CMA, Gelang Pintar Pantau Kondisi Pasien Covid Karya Mahasiswa
Tiga mahasiswa Politeknik Elektronika Negeri Surabaya (PENS) berinovasi menciptakan gelang pintar. Ketiga mahasiswa itu adalah Iqbal Pradana, Heri Nur Alim dan Yohanes Dimas, mahasiswa semester empat jurusan D4 Teknik Elektronika.
Gelang pintar ini berfungsi memantau kondisi pasien covid-19. Mulai dari mengetahui pergerakan atau lokasi pasien, mendeteksi suhu tubuh, detak jantung, dan kadar oksigen dalam darah.
“Dengan gelang ini pasien bisa dimonitor di mana pun dan kapan pun” cerita Heri kepada Ngopibareng.id melalui sambungan telepon, pada Minggu 31 Mei 2020.
Ide untuk membuat gelang pintar terinspirasi dari salah satu produk teknologi buatan China yang dapat membaca detak jantung. Sementara itu, gelang pintar karya dia dan timnya dinamai Covid-19 Monitoring Assitance (CMA).
CMA dilengkapi dengan dua sensor khusus seperti LM35, dan Max30100. Kedua sensor diletakkan pada tempat yang berbeda. LM35 dipilih lantaran memiliki tingkat kesalahan pengukuran suhu kurang dari 0.5 derajat Celsius. Sensor ini diletakkan pada bagian pergelangan tangan. Di sisi lain, agar data akurat, sensor Max30100 diposisikan pada jempol pengguna.
“Kami memilih sensor dengan tingkat eror yang minim. Peletakan sensor sendiri berdasarkan pertimbangan keakurasian data” tambahnya.
Terdapat pula microcontroller ESP8266 dan GPS neo m8n. Sehingga, data yang terbaca saat gelang dipakai pengguna, dapat dipantau secara langsung melalui aplikasi yang sudah dirancang. Data ini pun mampu menampilkan 5-10 data realtime pendeteksian keempat elemen.
Pada aplikasi tersebut terlihat data detak jantung, suhu tubuh dan kadar oksigen dalam darah sekaligus statusnya. Selain itu terdapat pula notifikasi jika gelang sedang digunakan atau dilepas.
Untuk dayanya sendiri, diperoleh dari baterai berjenis Lithium Polimer (LiPo) 405 mah, dengan 3.7 volt.
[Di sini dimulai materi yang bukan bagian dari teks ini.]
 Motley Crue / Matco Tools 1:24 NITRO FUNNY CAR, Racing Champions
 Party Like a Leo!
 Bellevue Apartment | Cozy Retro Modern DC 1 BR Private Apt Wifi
LiPo diplih lantaran ukurannya yang kecil, namun memiliki daya listrik yang besar.
Karena disuplai baterai LiPo, pengguna bisa mengisi ulang daya nya menggunakan port USB. Waktu yang disarankan selama satu jam. Terlebih, jika baterai penuh, terdapat indikator lampu LED berwarna merah.
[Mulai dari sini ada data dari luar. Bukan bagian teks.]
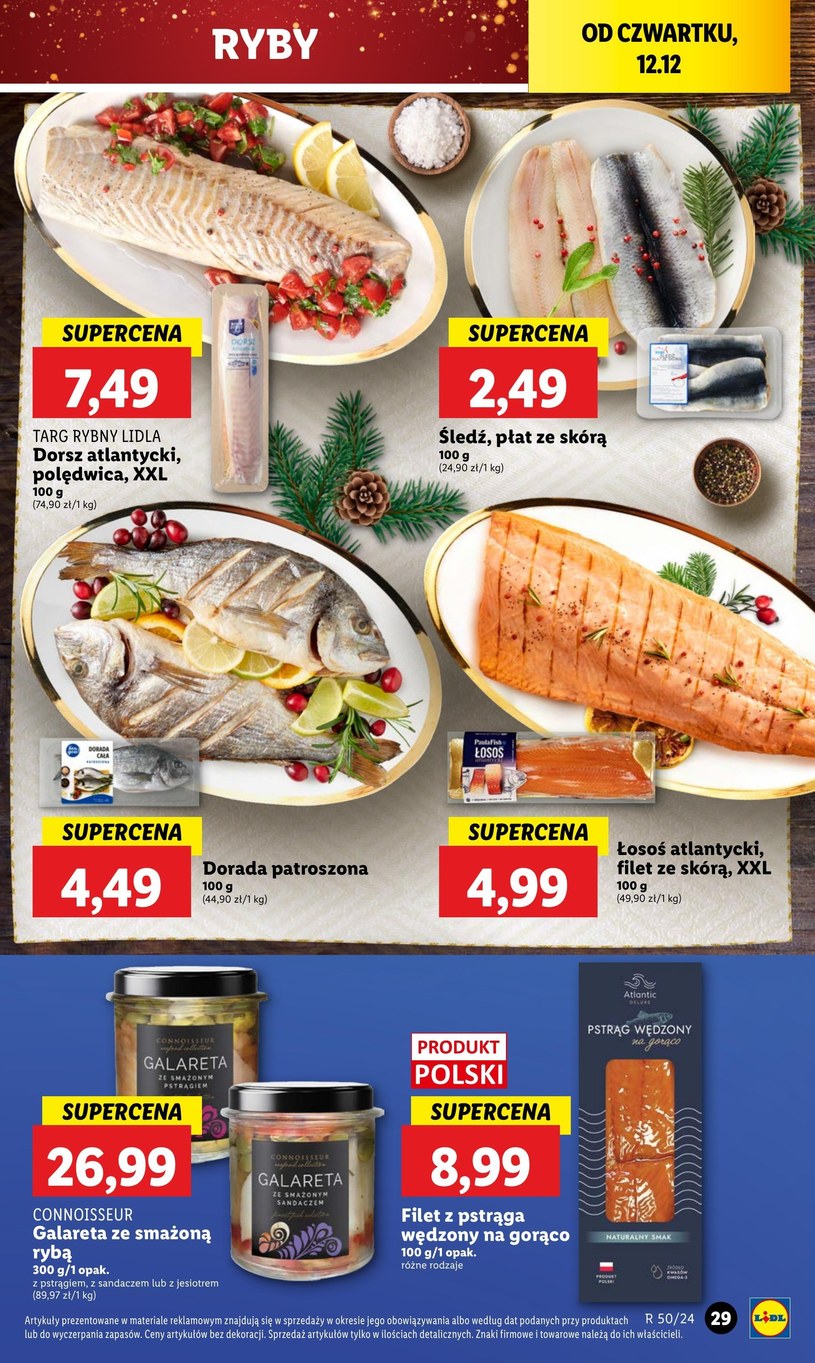 Gazetka: Święta taniej niż myślisz - Lidl - strona 31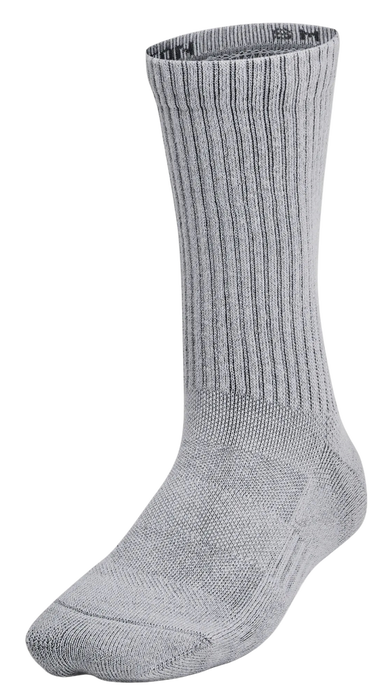 Strumpor Under Armour Youth 6-Pack Crew Socks Grå | 1386314-035, 1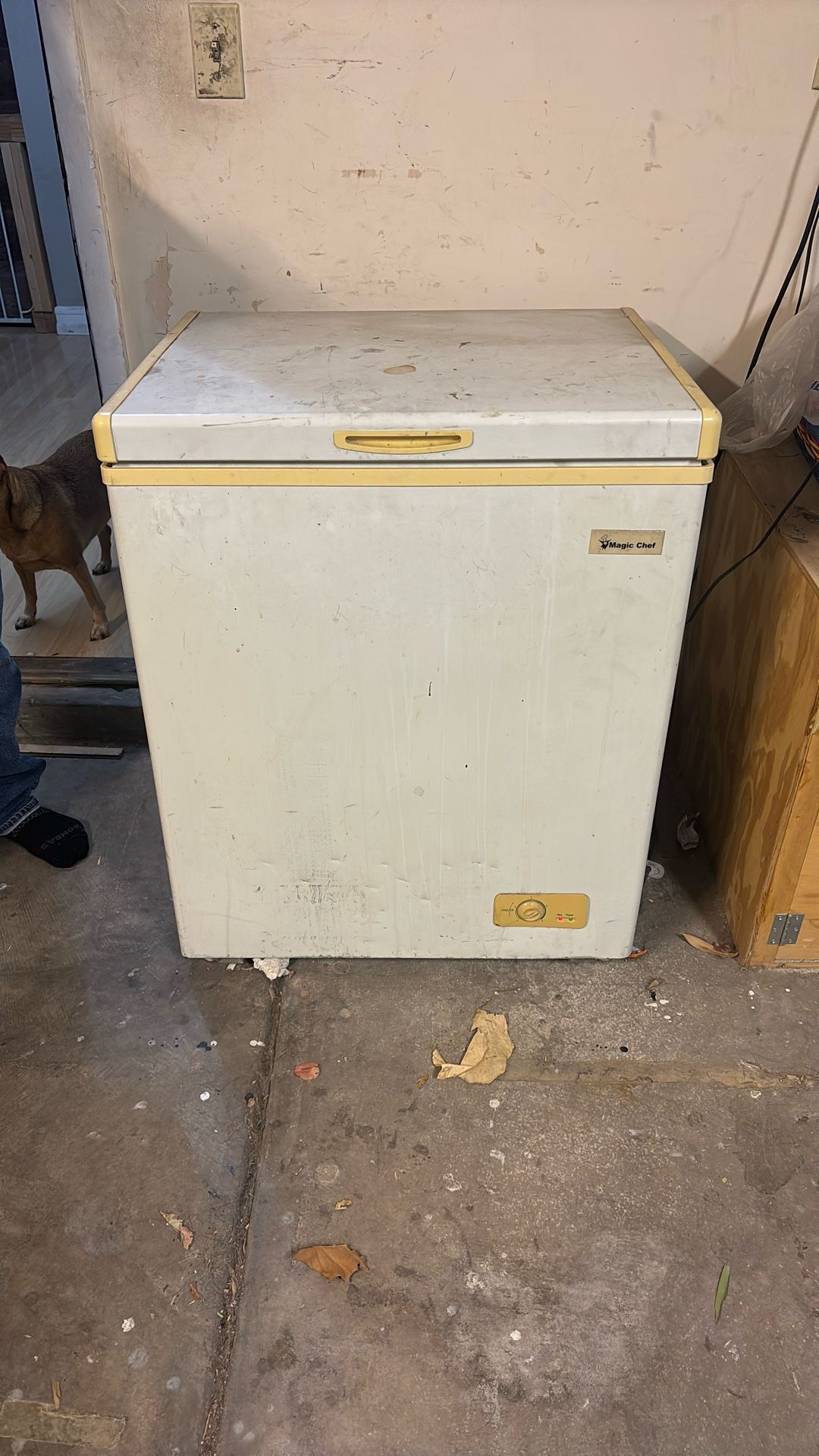 Magic Chef Storage Freezer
Di samping itu, pengoperasian CMA tidak lah sulit. Pengguna hanya perlu menekan tombol on yang tersedia, seketika itu semua komponen yang ada langsung berfungsi.
Dirakit Dua Minggu
Untuk membuat perangkat ini Heri dan tim mengerjakannya secara paralel di tempat yang terpisah selama dua minggu. Heri berkomunikasi dengan kedua rekannya melalui Whatsapp dan membagi tugas menjadi tiga.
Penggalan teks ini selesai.